Life's a Zoo is a Canadian stop motion sitcom created by Adam Shaheen and Andrew Horne. It is directed by Alexander Gorelick. A co-production of Cuppa Coffee Studios and Teletoon, "Life's a Zoo.tv" was named Best Animated Program or Series at the 24th Annual Gemini Awards. It premiered on September 1, 2008, on Teletoon's late night programming block, Teletoon at Night. It premiered on Smosh's Cartoon YouTube channel, Shut Up! Cartoons on June 23, 2013.

Premise
The show is a parody of the reality TV series Big Brother, with a similar plot.  The seven very different contestants share a mansion "Somewhere in Saskatchewan..." where they compete in challenges to avoid being  (the show's version of elimination), supervised by the show's host, Claude the vulture in the first season, and later Bobbie the seal in the second.  In the first season, despite being eliminated, characters always come back, as Life's a Zoo doesn't use continuity. However, starting in season two, characters are permanently eliminated.  Additionally, each episode features a specially edited music video from a different artist.  The show won Best Animated Series at the Canadian Gemini Awards in 2009.

Main characters
 Ray (Mike Rowland) - A spastic orangutan who often commits acts of random stupidity.
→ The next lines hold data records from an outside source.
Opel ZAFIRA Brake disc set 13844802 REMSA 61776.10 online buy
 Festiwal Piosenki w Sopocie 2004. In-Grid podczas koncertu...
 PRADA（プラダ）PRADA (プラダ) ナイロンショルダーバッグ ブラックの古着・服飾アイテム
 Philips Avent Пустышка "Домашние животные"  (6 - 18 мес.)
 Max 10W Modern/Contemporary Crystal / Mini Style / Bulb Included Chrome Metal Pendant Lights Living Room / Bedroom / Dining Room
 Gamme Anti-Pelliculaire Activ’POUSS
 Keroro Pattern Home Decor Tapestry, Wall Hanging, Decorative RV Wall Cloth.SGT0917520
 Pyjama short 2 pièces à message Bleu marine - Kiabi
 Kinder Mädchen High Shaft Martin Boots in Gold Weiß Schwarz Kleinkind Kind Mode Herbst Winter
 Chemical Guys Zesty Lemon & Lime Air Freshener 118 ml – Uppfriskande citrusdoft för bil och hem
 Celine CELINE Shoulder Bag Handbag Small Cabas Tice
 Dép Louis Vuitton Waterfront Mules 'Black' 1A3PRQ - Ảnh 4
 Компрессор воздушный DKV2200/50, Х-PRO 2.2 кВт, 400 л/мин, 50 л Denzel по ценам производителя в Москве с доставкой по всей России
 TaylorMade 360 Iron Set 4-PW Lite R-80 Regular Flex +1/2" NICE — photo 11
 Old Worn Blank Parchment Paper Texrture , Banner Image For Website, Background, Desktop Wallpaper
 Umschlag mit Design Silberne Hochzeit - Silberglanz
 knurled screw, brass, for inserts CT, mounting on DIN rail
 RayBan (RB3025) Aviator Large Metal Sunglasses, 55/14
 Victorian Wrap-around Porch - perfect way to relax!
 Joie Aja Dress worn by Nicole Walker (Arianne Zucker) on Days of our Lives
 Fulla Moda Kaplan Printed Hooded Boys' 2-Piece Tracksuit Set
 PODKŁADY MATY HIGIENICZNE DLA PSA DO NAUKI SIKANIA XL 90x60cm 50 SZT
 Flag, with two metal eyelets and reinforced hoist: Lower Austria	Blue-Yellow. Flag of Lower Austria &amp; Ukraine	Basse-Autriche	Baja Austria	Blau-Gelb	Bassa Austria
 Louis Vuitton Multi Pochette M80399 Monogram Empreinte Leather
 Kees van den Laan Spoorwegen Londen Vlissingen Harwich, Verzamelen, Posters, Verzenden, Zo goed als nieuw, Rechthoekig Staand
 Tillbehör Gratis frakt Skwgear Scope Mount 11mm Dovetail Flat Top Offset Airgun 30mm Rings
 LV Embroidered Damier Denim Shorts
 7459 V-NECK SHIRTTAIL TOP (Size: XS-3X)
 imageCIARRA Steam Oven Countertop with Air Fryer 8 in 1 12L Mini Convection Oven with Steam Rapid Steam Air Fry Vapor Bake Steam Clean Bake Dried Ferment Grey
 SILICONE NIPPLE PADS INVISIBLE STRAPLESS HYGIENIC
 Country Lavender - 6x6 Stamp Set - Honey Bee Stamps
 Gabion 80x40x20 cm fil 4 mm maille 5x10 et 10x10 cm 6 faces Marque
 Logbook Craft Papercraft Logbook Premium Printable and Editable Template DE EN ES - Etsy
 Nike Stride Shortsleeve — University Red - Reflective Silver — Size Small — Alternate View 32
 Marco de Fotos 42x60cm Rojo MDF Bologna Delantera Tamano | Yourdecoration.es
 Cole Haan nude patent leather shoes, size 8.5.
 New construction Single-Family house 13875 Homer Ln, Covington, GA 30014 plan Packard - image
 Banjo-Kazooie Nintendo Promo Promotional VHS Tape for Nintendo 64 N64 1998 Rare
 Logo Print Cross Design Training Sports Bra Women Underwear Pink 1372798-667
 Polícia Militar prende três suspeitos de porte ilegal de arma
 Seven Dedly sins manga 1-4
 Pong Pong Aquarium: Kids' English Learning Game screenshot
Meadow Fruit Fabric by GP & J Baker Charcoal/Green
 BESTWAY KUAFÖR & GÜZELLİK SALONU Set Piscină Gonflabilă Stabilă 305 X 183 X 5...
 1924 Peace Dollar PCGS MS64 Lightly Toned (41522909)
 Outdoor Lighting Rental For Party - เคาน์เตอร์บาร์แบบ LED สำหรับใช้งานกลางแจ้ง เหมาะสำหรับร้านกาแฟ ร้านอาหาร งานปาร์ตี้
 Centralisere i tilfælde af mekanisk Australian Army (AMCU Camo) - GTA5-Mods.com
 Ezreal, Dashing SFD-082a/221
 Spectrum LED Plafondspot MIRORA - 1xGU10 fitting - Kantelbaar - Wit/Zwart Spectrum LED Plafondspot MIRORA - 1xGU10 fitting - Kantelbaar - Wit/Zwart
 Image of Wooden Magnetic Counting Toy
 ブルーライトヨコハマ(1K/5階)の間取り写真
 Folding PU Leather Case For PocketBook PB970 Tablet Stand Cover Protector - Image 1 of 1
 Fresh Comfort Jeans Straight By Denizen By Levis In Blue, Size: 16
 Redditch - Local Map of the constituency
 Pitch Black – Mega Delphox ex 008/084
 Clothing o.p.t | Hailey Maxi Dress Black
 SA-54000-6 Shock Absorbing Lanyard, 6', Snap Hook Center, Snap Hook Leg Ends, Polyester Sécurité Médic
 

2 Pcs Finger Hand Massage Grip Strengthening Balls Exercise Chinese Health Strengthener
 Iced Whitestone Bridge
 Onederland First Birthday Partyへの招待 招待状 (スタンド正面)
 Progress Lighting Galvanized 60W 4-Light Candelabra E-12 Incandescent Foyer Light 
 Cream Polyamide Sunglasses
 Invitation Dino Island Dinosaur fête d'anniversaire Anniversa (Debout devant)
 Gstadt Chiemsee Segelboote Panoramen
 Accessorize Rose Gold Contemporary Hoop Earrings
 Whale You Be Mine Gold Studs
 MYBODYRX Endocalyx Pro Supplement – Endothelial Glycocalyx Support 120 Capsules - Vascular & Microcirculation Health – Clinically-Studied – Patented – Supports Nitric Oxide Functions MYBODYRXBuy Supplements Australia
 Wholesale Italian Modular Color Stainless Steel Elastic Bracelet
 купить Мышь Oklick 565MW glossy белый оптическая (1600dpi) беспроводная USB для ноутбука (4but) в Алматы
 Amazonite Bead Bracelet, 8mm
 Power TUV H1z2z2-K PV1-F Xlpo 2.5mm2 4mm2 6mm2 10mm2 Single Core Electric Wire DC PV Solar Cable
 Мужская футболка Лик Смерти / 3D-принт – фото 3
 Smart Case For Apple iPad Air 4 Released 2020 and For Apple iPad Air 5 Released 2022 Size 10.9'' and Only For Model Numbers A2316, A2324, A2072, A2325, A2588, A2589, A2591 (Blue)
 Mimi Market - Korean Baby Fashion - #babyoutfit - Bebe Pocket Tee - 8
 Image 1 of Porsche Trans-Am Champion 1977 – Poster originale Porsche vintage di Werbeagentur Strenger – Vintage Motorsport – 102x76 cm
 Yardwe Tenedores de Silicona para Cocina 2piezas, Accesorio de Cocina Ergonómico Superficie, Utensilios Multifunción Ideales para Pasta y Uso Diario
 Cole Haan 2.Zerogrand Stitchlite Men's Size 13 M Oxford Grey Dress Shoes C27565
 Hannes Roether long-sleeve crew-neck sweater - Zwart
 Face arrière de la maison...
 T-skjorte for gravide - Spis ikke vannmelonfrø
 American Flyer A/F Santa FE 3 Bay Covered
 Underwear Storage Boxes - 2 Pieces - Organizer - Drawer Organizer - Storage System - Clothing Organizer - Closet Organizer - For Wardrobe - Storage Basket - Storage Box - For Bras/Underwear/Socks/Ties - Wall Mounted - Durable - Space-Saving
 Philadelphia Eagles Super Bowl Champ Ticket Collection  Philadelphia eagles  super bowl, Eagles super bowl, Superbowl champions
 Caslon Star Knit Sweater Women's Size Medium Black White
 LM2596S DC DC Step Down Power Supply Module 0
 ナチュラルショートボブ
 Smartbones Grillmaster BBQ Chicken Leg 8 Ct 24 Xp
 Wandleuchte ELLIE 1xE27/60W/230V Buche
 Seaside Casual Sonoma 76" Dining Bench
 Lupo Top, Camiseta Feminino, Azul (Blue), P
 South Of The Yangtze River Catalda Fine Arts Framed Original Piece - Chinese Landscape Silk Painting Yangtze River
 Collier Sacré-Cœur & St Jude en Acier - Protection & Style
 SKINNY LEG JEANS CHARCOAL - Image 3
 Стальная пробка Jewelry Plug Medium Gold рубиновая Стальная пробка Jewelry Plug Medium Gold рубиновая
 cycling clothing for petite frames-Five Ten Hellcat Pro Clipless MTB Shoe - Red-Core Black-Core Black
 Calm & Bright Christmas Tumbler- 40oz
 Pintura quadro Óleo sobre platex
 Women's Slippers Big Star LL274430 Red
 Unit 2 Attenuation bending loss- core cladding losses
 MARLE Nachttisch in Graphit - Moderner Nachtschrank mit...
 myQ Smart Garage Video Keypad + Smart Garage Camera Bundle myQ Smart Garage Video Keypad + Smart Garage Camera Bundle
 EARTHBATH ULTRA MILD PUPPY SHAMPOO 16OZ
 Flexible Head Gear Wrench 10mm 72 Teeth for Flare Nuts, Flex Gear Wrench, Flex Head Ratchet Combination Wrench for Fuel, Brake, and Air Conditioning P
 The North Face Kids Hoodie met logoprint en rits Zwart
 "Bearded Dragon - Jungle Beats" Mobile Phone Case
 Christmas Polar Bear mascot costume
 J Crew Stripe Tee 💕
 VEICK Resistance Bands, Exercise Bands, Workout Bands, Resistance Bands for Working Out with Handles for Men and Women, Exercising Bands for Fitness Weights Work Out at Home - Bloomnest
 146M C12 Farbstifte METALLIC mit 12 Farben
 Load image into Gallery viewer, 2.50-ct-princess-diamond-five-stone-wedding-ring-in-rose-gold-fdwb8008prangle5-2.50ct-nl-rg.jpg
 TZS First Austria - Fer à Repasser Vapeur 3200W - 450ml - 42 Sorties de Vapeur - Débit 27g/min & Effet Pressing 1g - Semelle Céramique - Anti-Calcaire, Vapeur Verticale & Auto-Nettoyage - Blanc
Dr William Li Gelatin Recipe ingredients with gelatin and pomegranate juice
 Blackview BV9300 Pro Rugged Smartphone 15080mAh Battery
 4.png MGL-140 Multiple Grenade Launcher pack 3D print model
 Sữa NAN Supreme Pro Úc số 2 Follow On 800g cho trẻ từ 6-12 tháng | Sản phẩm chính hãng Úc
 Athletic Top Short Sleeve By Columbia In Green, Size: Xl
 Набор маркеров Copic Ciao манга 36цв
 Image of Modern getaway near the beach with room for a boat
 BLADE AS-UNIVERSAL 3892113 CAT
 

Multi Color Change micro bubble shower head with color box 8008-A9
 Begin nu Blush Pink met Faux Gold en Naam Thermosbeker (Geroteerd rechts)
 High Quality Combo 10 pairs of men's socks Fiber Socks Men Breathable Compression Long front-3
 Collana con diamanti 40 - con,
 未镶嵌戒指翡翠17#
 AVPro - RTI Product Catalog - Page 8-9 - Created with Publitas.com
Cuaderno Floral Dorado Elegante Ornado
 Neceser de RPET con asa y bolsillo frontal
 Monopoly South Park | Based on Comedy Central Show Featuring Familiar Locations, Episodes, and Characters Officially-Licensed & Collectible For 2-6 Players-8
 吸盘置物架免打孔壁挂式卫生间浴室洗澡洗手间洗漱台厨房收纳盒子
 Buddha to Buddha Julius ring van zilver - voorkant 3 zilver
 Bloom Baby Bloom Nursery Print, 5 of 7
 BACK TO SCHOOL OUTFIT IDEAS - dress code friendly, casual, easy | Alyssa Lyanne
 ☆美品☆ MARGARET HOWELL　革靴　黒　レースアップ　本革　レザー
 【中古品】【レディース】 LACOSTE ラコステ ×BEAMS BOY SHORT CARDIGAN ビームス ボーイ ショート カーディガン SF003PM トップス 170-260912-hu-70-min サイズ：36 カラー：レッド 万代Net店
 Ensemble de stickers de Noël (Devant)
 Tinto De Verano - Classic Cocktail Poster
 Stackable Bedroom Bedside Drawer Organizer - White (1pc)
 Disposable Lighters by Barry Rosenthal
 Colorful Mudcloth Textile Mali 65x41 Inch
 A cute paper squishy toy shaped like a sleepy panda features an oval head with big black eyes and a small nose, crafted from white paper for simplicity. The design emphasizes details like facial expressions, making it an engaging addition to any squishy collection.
Ray is the party-animal of the group; he acts completely on impulse and usually performs dangerous or reckless stunts.  He is shown to be loud-mouthed and has bloodshot eyes from smoking marijuana, evidenced by the fact that he owns a bong.  Ray claims that his parents went out partying a lot when he was a child, which made him very lonely. He loves watching cartoons and playing video games. Ray is also known to make outrageous bets, which he cannot pay off, although he becomes rich after betting on Jake to win in the finale. He was the fifth one eliminated in the second season. He used the money he won to rebuild the mansion after Jake blew it up, therefore feeling entitled to own it too.
 Jake Oswalt (Kurt Firla) - A Canadian pig who constantly attempts schemes, believing himself to be a genius when it comes to reality show strategy.  He joined Life's a Zoo by accidentally walking into the audition trailer thinking it was a sperm bank.  He still lives with his mother, although she won't admit to raising him.  Jake has been shown to be egotistical and devious, and is often delusional about his own grandeur. He constantly lies to the audience about his sexual encounters and often makes up stories to make himself look good.  Jake lusts after Minou, and usually spies on her when she is showering. He also believes that she lusts after him just as much, and that they will have sex before the season ends, despite her disgust with him. He was the first one to be eliminated in the first season. In the second season, because of Minou's early elimination he begins to lust after Bobbie instead. Jake made it to the finale in the second season as the runner-up, but won the house when Chi-Chi forfeited it. Unfortunately, he had rigged the house to explode when she won and couldn't prevent it from happening.  He now works as Ray's servant in the rebuilt mansion.
 Morreski (Stephen Kishewitsch) - An alcoholic Russian Brown bear with a thick accent who wears a fez. He is the oldest member of the cast at 62. Morreski is a heavy drinker, he is always seen near a bottle of vodka, and will burst into fits of rage when he is denied it. He is heard talking about his homeland many times over the series, and mentioning his wife, who is presumably very manly for a woman. Morreski is also very protective of his mother, as shown in two instances when he swears and beats up Dr. D for insulting her. Even though he is very laid back and drunk, Morreski is the wisest and strongest of the cast. He has had many jobs over the years, and thus has a wide skill-set. In the second season, he was the third one eliminated, although he made a special appearance in the next episode as a wedding officiant.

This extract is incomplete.